A white woman who called the police and falsely accused a Black man of threatening her life after he asked her to put her dog on a leash will face misdemeanor charges, the Manhattan district attorney announced Monday.
Amy Cooper, the woman in the Central Park encounter, which was recorded on video and touched off intense discussions about the history of false reports to the police made by white people and directed at Black people, will be charged with filing a false report, a misdemeanor punishable by up to a year in jail.
“Today our office initiated a prosecution of Amy Cooper for falsely reporting an incident in the third degree,” said Cyrus R. Vance, the Manhattan district attorney. “We are strongly committed to holding perpetrators of this conduct accountable.”

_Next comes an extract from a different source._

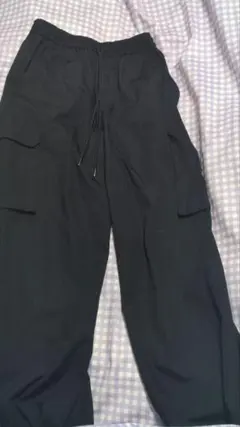 ブラックカーゴパンツ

Ms. Cooper was issued a desk appearance ticket and will be arraigned on Oct. 14. If convicted, she could be given a conditional discharge or sentenced to community service or counseling rather than jail time.
On Memorial Day, Ms. Cooper who had been walking with her dog, encountered Christian Cooper, an avid bird watcher, in a semi-wild part of Central Park known as the Ramble, where dogs must be leashed.
Mr. Cooper asked Ms. Cooper, who is not related to him, to leash her dog, he said, and when she refused, he attempted to lure the dog with treats, to compel her to restrain her pet. The encounter then took a turn for the worse when Ms. Cooper told him she was going to call the police and tell them that an African-American man was threatening her life.
Mr. Cooper, who recorded the interaction on his phone, captured what happened next: “I’m in the Ramble, there is a man, African-American, he has a bicycle helmet and he is recording me and threatening me and my dog,” Ms. Cooper said hysterically to the 911 operator as she gripped her dog’s collar tightly.
Then, before hanging up, she said: “I am being threatened by a man in the Ramble, please send the cops immediately!”
“Thank you,” Mr. Cooper said after she put her dog on a leash, just before the video ends.
Mr. Cooper, 57, a Harvard graduate who works in communications, has long been a prominent birder in the city and is on the board of the New York City Audubon Society.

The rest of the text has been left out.